Data supplied:

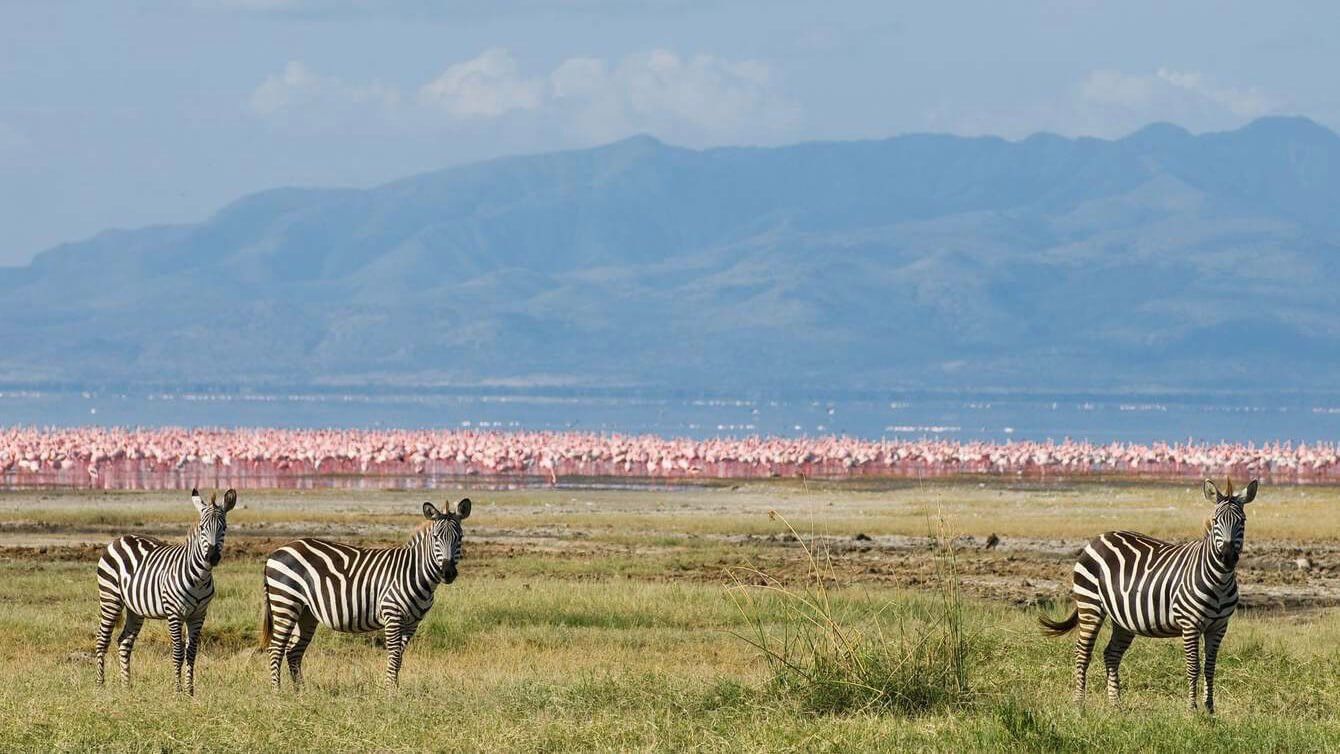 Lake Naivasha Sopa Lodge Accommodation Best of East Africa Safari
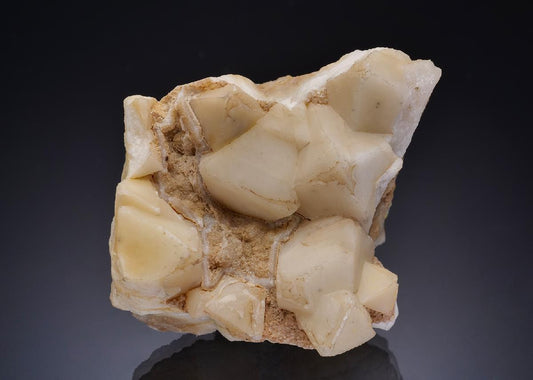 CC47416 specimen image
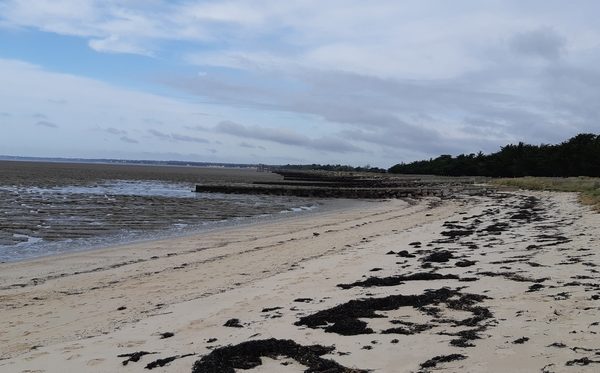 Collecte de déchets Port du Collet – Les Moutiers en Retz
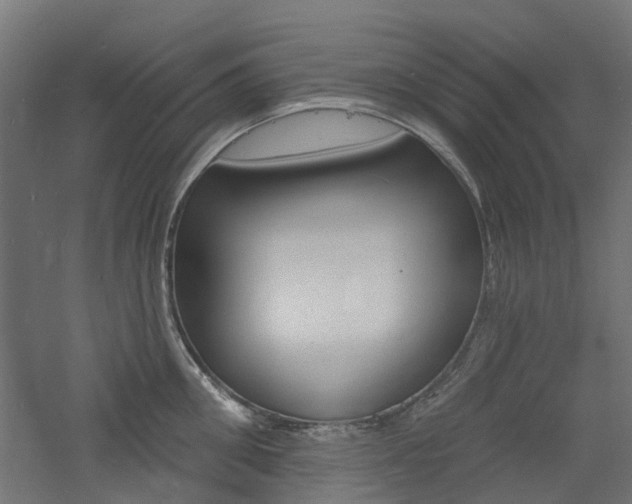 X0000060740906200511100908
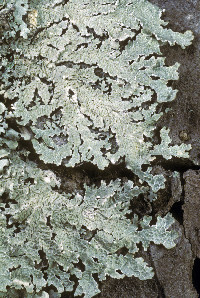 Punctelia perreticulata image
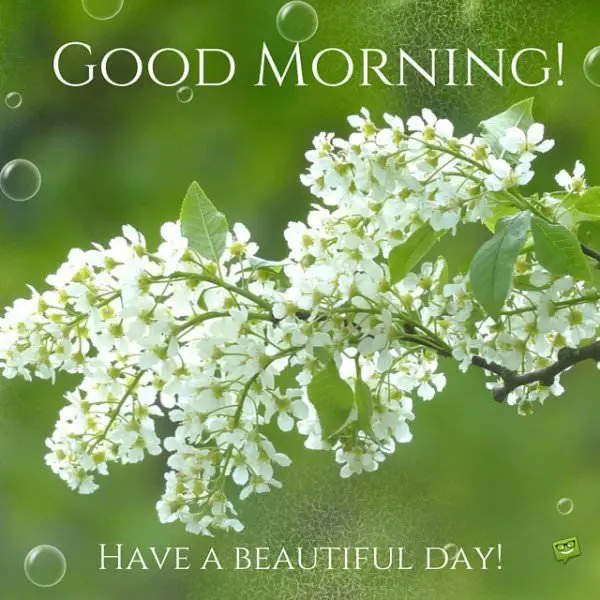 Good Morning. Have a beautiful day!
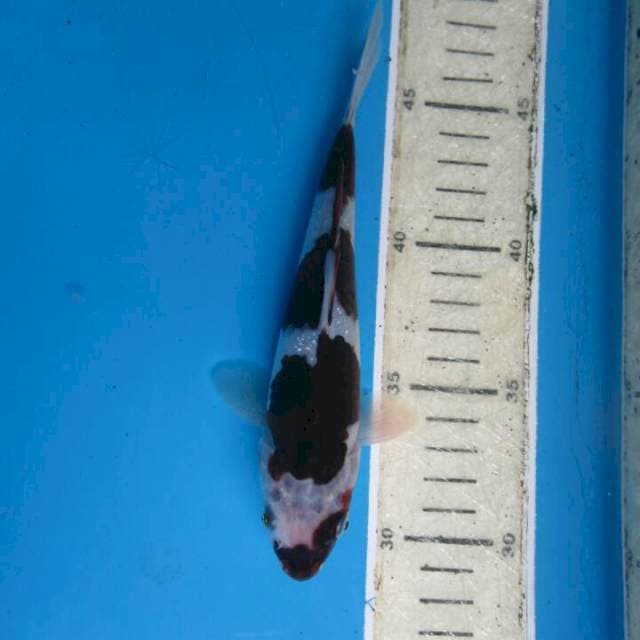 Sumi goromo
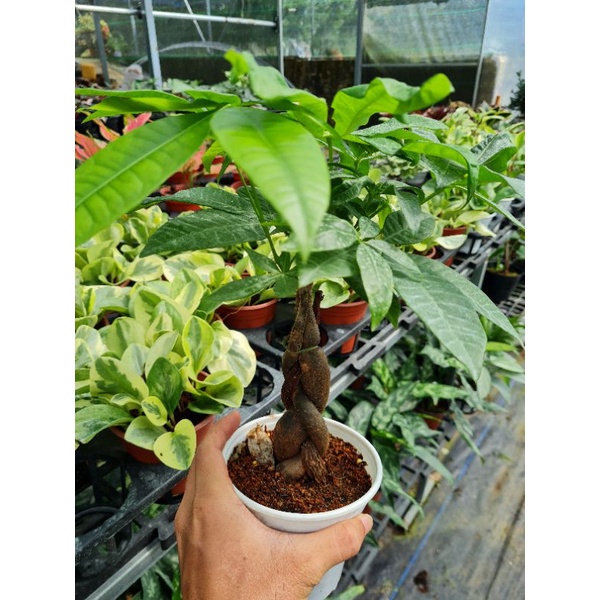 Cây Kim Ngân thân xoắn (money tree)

Activity: Leaving every picture out, output the data exactly as it stands.

Output below:
 Lake Naivasha Sopa Lodge Accommodation Best of East Africa Safari
 CC47416 specimen image
 Collecte de déchets Port du Collet – Les Moutiers en Retz
 X0000060740906200511100908
 Punctelia perreticulata image
 Good Morning. Have a beautiful day!
 Sumi goromo
 Cây Kim Ngân thân xoắn (money tree)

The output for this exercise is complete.